HACKER Q&A
📣 coreyp_1

Is There a TUI Shell?


I know that there are many programs that use a TUI (like vim, htop, etc), but I'm thinking of a shell itself that is a TUI. As in, I log into a server and instantly have a TUI running.

(Context: I love the command line, and don't plan to abandon it, but others may find a TUI easier to transition to on the path to CLI superiority. I couldn't find one, so I decided to appeal to the wisdom of the masses to identify a potential solution.)


  👤 turtleyacht Accepted Answer ✓
Booting Slackware 15 .iso from VirtualBox brought me to a TUI shell, although "shell" in this case is "menu-driven with only the available options," so more of a running program, out of which exiting brought one to a CLI shell as root.

TUI to me also means "arbitrary coordinate rendering," i.e. something completely distinguishable to a command-line prompt (and line-editing). So one expects modal dialogs and popups, menus / menu navigation, and essentially "windows of experience."

TUI also may mean "cannot easily pipe things," because we have (x, y) positions instead of one cursor location receiving all inputs. The idea of improvised composability may be absent.

It would be neat to see an "expect for TUIs." I wonder how it would standardize the idea of "textual graphics" across a variety of different TUI tools.


👤 thesuperbigfrog
Norton Commander and all of its clones and successors (Midnight Commander, Total Commander, etc: https://en.wikipedia.org/wiki/Norton_Commander#Norton_Comman...) are the closest that I am aware of.

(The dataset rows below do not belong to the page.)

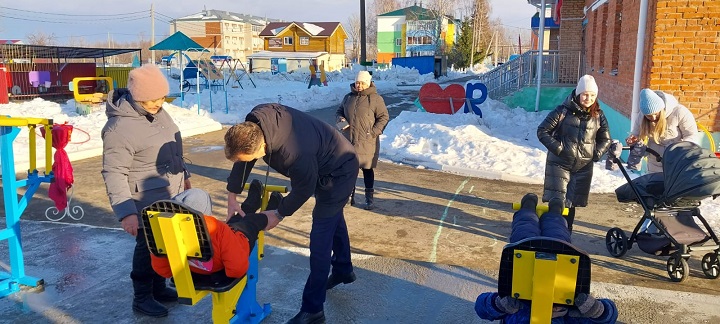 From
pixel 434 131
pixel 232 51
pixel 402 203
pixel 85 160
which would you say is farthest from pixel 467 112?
pixel 232 51

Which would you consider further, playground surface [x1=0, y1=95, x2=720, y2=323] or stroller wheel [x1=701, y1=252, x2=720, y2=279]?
stroller wheel [x1=701, y1=252, x2=720, y2=279]

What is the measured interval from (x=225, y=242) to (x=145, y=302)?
1.39 m

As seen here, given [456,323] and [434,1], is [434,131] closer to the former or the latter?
[456,323]

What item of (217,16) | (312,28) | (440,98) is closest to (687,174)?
(440,98)

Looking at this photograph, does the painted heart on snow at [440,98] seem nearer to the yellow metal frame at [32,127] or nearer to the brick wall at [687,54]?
the brick wall at [687,54]

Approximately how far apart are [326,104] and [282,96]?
2205 mm

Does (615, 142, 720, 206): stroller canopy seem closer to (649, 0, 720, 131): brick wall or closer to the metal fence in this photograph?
(649, 0, 720, 131): brick wall

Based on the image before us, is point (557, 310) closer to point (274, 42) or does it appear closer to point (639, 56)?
point (639, 56)

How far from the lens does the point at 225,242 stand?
3125 mm

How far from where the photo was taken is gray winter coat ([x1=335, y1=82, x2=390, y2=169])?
691cm

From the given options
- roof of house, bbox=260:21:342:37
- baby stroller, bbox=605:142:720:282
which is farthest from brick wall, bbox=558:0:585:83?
roof of house, bbox=260:21:342:37

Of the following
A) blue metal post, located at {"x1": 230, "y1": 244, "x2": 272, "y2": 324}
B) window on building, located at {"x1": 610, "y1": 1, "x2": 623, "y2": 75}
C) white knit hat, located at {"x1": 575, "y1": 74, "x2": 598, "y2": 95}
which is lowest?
blue metal post, located at {"x1": 230, "y1": 244, "x2": 272, "y2": 324}

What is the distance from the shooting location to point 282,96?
24844 millimetres

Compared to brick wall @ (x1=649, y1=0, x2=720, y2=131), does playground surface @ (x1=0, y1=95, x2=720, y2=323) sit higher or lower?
lower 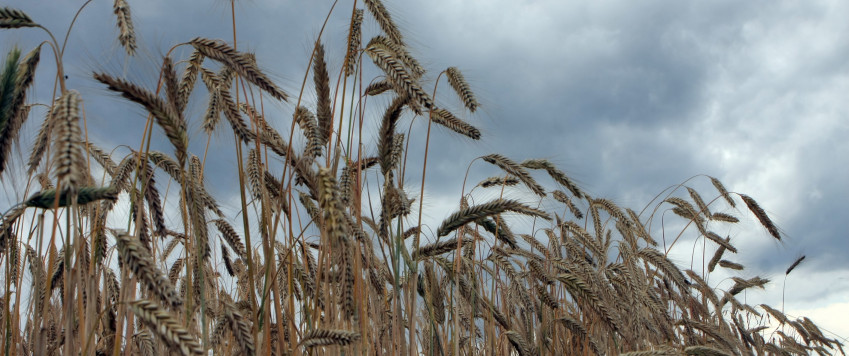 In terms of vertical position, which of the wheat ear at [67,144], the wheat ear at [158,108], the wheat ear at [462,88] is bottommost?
the wheat ear at [67,144]

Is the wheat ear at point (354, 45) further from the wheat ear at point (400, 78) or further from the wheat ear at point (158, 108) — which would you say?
the wheat ear at point (158, 108)

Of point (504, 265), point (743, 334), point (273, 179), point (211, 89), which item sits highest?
point (211, 89)

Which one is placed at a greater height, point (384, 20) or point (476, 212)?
point (384, 20)

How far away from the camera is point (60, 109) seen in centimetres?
173

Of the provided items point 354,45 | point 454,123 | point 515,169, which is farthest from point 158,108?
point 515,169

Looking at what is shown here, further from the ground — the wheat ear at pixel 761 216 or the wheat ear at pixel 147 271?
the wheat ear at pixel 761 216

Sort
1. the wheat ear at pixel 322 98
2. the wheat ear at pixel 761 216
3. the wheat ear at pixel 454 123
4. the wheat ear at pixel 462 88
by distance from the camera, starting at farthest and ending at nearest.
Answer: the wheat ear at pixel 761 216
the wheat ear at pixel 454 123
the wheat ear at pixel 462 88
the wheat ear at pixel 322 98

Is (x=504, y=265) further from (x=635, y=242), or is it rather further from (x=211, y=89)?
(x=635, y=242)

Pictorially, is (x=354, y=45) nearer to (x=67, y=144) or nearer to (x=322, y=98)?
(x=322, y=98)

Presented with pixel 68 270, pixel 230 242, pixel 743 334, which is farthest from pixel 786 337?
pixel 68 270

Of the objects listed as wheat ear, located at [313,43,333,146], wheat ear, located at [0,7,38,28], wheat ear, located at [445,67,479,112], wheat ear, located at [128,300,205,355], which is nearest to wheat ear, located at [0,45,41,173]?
wheat ear, located at [0,7,38,28]

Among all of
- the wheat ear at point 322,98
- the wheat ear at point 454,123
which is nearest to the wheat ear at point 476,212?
the wheat ear at point 454,123

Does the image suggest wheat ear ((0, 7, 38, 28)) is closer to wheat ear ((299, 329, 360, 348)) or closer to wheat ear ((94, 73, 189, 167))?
wheat ear ((94, 73, 189, 167))

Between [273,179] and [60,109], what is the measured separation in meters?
Result: 1.38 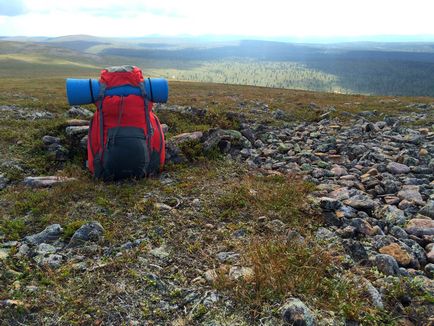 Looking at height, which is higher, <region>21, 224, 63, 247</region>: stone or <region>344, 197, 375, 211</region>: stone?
<region>344, 197, 375, 211</region>: stone

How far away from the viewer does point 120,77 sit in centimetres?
804

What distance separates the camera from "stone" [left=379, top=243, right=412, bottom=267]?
486cm

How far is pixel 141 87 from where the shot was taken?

A similar line of shell-like TUIs would be X-Tree Gold (http://vtda.org/docs/computing/XTree/XTreeGold20UsersGuide.p...) and any of its clones.

Vim has Netrw: https://vonheikemen.github.io/devlog/tools/using-netrw-vim-b...

Emacs has Dired mode: https://www.emacswiki.org/emacs/DiredMode


👤 svlasov
The closest I can think of: https://github.com/netxs-group/vtm

👤 schemescape
What kind of features did you have in mind?

If it’s just a list of windows and the time of day, that’s possible in a terminal multiplexer like GNU Screen, although setting it up is unintuitive.

Some people treat Emacs as it’s own operating system in the terminal.


👤 simonblack
You mean like ssh? Or are you thinking along the lines of a curses-based "Text Desktop"?

I often use ssh between machines. "Works for Me".